→ **Data section**

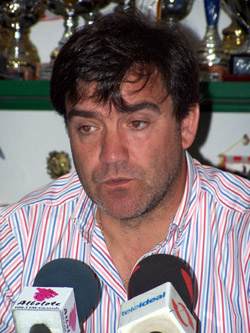 Marcos Alonso, entrenador del Granada 74 (GRJ)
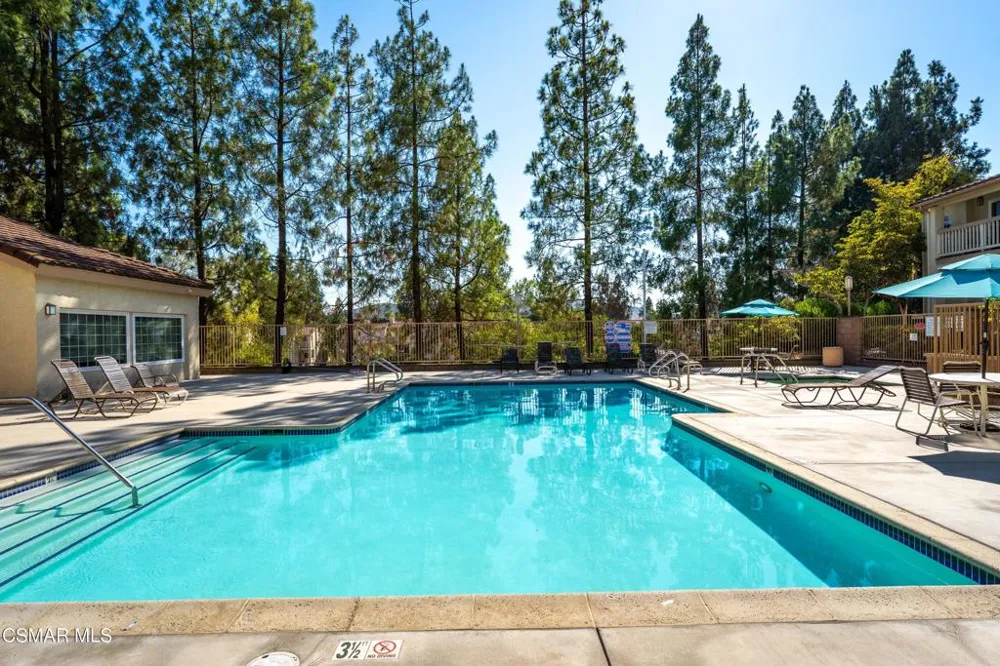 5744 Oak Bend Lane #108 Oak Park, CA 91377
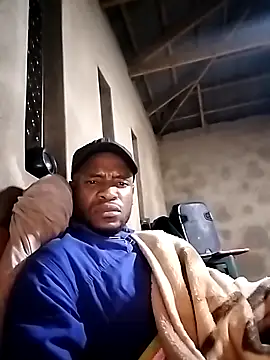 Snapshot of mznsi chatting on November 6, 2025, 10:32 pm mznsi online show from November 6, 2025, 10:32 pm
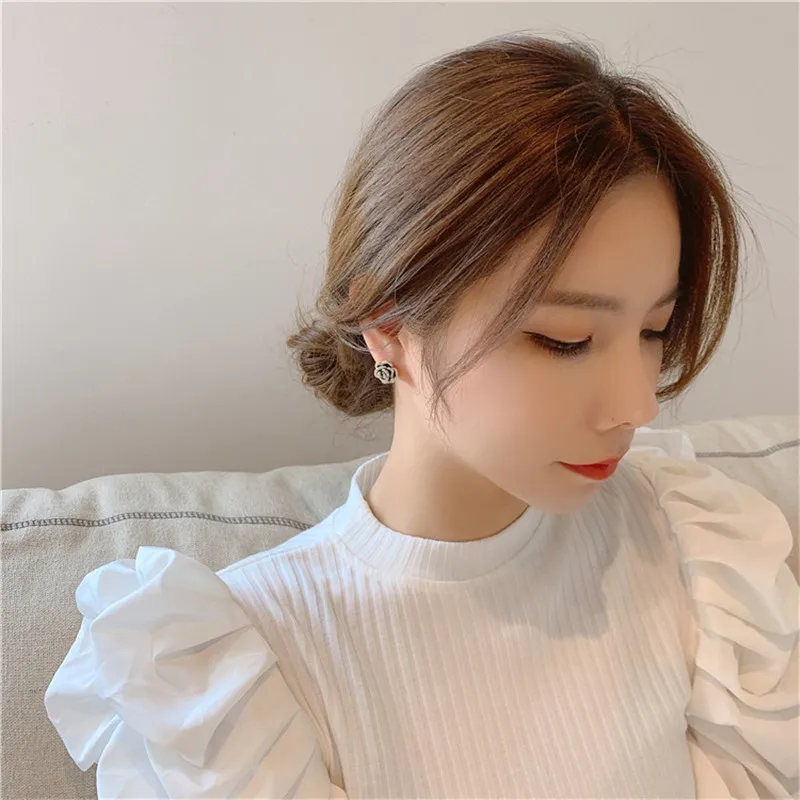 

2021 New Fashion Korea Rose Flowers Temperament Stud Earrings Senior Elegant Lovely Fine Trend Crystal Women Earrings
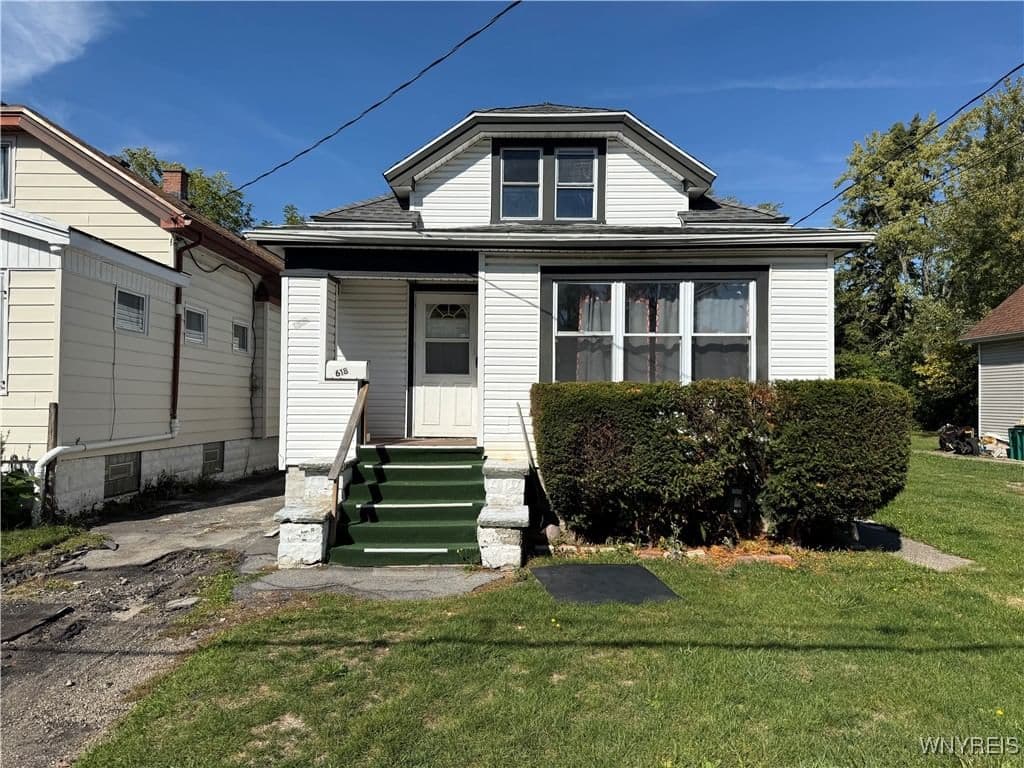 618 Lasalle Avenue, Buffalo, NY 14215 - Image 2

→ **Your assignment**
Restate the data exactly, though only from the line that contains "Snapshot of mznsi" through its last line, both ends included and with the pictures left out.

→ **Answer for this exercise**
 Snapshot of mznsi chatting on November 6, 2025, 10:32 pm mznsi online show from November 6, 2025, 10:32 pm

2021 New Fashion Korea Rose Flowers Temperament Stud Earrings Senior Elegant Lovely Fine Trend Crystal Women Earrings
 618 Lasalle Avenue, Buffalo, NY 14215 - Image 2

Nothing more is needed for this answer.